## The data:
● ● ●
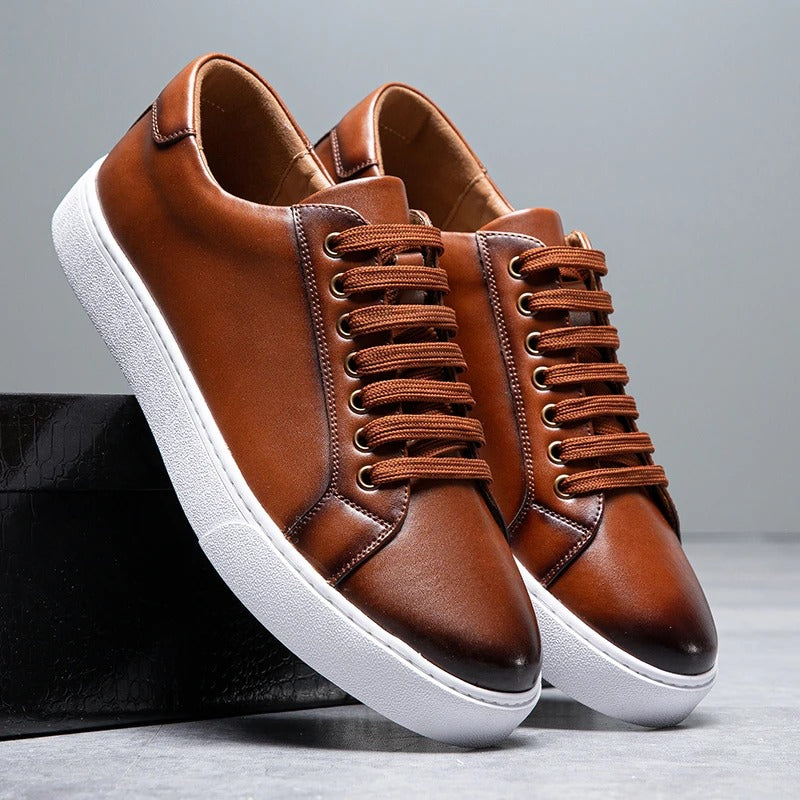Men's Classic Low-Top Sneakers with Cushioned Sole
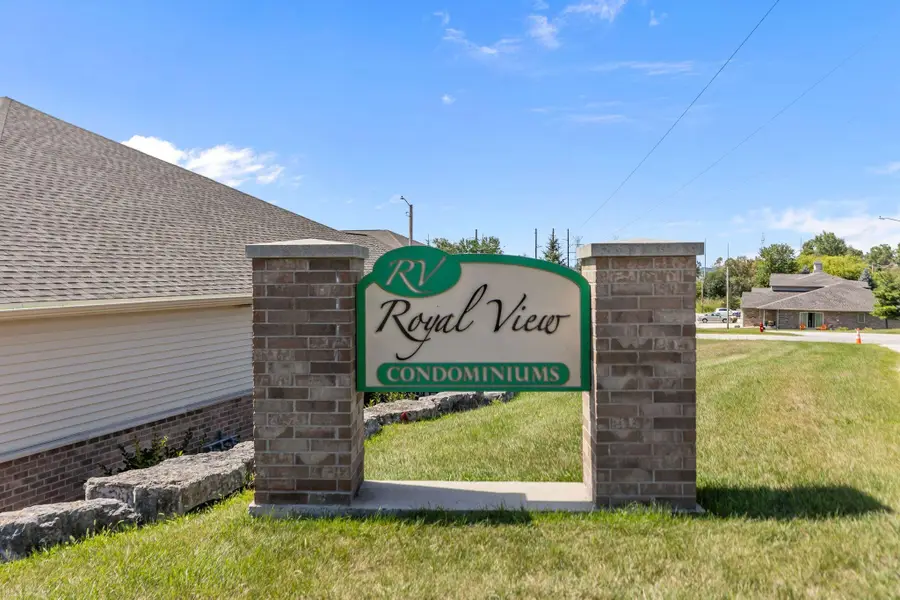 2157 Royal Crest Circle #1, Green Bay, WI 54311 - #2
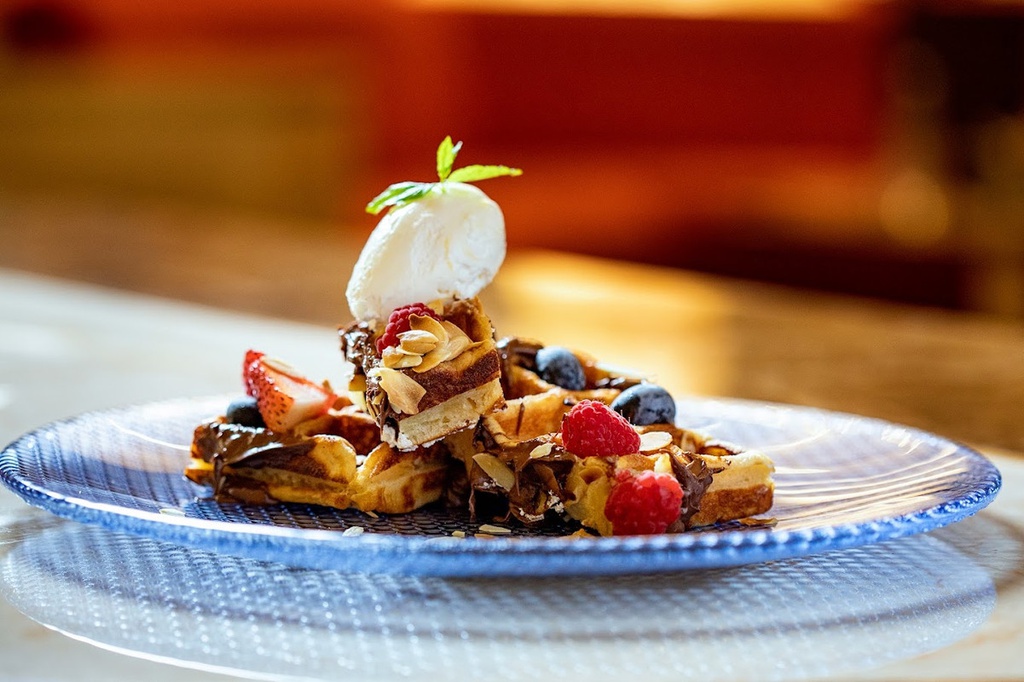 Delicious Food and Beverages at ATRIUM LOUNGE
● ● ●
## Task objective:
The listing above must be retyped word for word, without the pictures.

## Task response:
Men's Classic Low-Top Sneakers with Cushioned Sole
 2157 Royal Crest Circle #1, Green Bay, WI 54311 - #2
 Delicious Food and Beverages at ATRIUM LOUNGE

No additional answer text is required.